Top of Task material

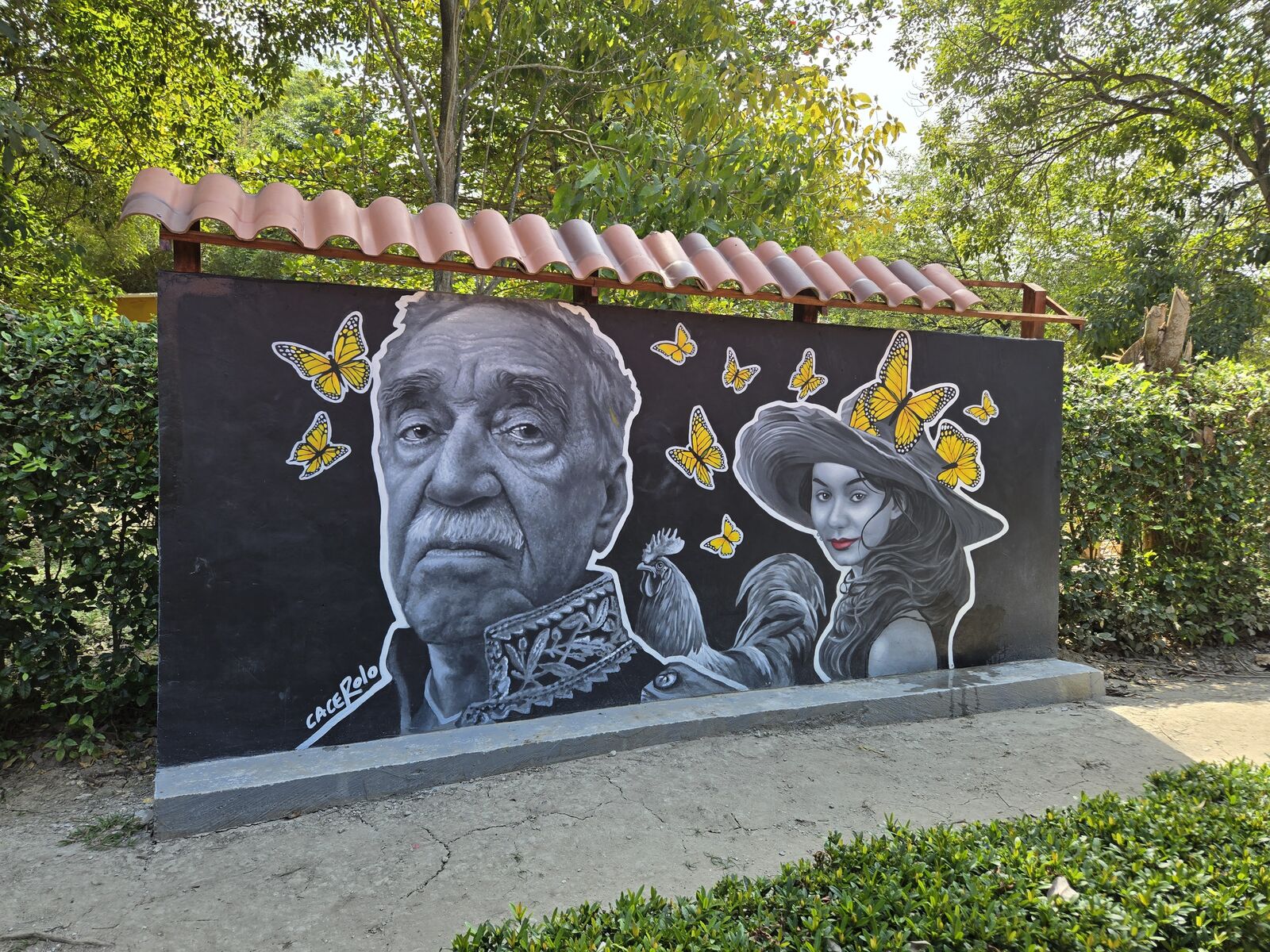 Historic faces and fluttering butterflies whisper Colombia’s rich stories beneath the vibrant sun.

Bottom of Task material
Top of Task material

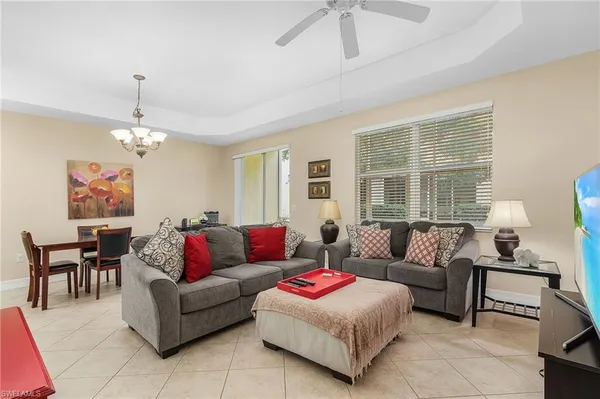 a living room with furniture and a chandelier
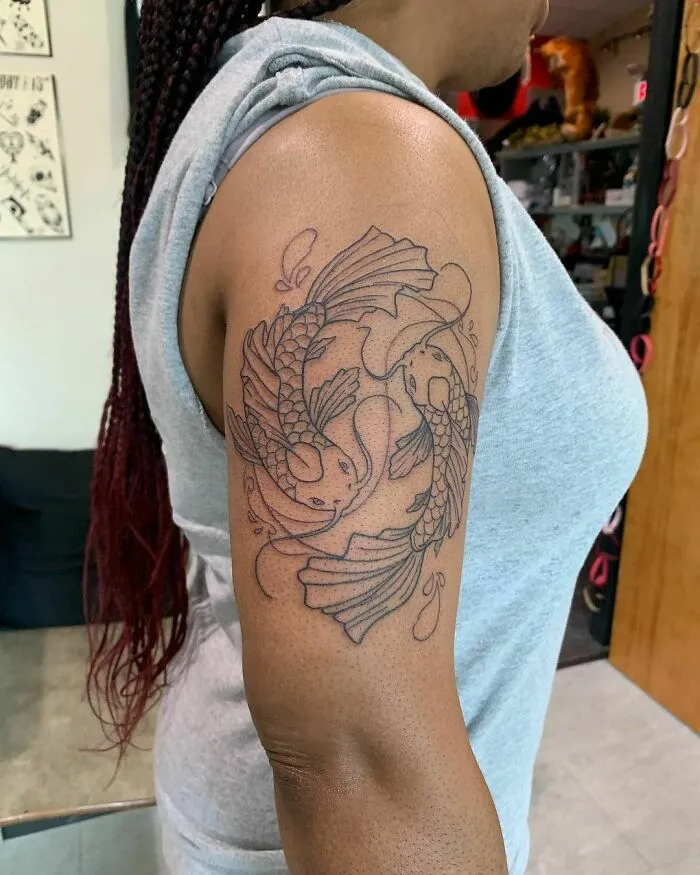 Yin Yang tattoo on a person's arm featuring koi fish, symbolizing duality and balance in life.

Bottom of Task material
Top of Task material

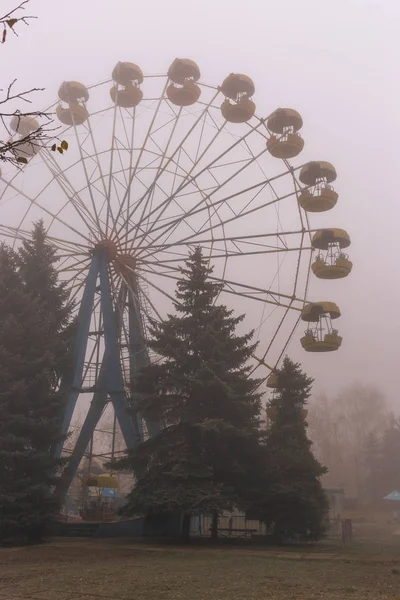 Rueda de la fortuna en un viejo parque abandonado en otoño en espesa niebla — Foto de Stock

Bottom of Task material

Above are some entries. Restate word for word the lines from the one holding "a living room" through the one holding "Yin Yang tattoo", but not the pictures.

 a living room with furniture and a chandelier
 Yin Yang tattoo on a person's arm featuring koi fish, symbolizing duality and balance in life.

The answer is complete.